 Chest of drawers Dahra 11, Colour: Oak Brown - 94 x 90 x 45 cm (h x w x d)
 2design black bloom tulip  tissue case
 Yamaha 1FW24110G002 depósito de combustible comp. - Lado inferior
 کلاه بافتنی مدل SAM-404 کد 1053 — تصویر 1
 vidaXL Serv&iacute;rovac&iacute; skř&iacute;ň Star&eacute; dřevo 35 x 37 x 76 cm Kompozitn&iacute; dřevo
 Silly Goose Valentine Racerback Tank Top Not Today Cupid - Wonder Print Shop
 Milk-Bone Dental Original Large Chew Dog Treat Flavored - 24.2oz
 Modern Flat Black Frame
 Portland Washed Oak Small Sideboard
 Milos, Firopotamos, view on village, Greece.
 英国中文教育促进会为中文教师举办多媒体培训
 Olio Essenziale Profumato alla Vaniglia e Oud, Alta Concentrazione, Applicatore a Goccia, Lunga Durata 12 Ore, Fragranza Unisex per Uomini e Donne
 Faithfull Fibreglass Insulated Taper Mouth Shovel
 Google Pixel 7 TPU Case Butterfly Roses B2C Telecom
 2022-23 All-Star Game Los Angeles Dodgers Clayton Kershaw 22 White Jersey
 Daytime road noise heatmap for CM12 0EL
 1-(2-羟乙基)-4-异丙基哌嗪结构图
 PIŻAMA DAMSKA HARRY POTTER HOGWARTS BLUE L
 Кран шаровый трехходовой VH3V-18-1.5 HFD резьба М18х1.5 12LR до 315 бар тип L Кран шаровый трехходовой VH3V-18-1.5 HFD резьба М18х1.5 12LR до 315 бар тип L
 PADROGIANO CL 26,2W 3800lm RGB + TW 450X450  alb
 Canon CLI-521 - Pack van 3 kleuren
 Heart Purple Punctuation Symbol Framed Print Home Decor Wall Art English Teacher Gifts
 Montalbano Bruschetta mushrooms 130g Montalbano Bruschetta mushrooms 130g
----
INSTRUCTIONS TO FOLLOW:
Repeat the whole listing exactly.

RESPONSE TO THE EXERCISE:
 Chest of drawers Dahra 11, Colour: Oak Brown - 94 x 90 x 45 cm (h x w x d)
 2design black bloom tulip  tissue case
 Yamaha 1FW24110G002 depósito de combustible comp. - Lado inferior
 کلاه بافتنی مدل SAM-404 کد 1053 — تصویر 1
 vidaXL Serv&iacute;rovac&iacute; skř&iacute;ň Star&eacute; dřevo 35 x 37 x 76 cm Kompozitn&iacute; dřevo
 Silly Goose Valentine Racerback Tank Top Not Today Cupid - Wonder Print Shop
 Milk-Bone Dental Original Large Chew Dog Treat Flavored - 24.2oz
 Modern Flat Black Frame
 Portland Washed Oak Small Sideboard
 Milos, Firopotamos, view on village, Greece.
 英国中文教育促进会为中文教师举办多媒体培训
 Olio Essenziale Profumato alla Vaniglia e Oud, Alta Concentrazione, Applicatore a Goccia, Lunga Durata 12 Ore, Fragranza Unisex per Uomini e Donne
 Faithfull Fibreglass Insulated Taper Mouth Shovel
 Google Pixel 7 TPU Case Butterfly Roses B2C Telecom
 2022-23 All-Star Game Los Angeles Dodgers Clayton Kershaw 22 White Jersey
 Daytime road noise heatmap for CM12 0EL
 1-(2-羟乙基)-4-异丙基哌嗪结构图
 PIŻAMA DAMSKA HARRY POTTER HOGWARTS BLUE L
 Кран шаровый трехходовой VH3V-18-1.5 HFD резьба М18х1.5 12LR до 315 бар тип L Кран шаровый трехходовой VH3V-18-1.5 HFD резьба М18х1.5 12LR до 315 бар тип L
 PADROGIANO CL 26,2W 3800lm RGB + TW 450X450  alb
 Canon CLI-521 - Pack van 3 kleuren
 Heart Purple Punctuation Symbol Framed Print Home Decor Wall Art English Teacher Gifts
 Montalbano Bruschetta mushrooms 130g Montalbano Bruschetta mushrooms 130g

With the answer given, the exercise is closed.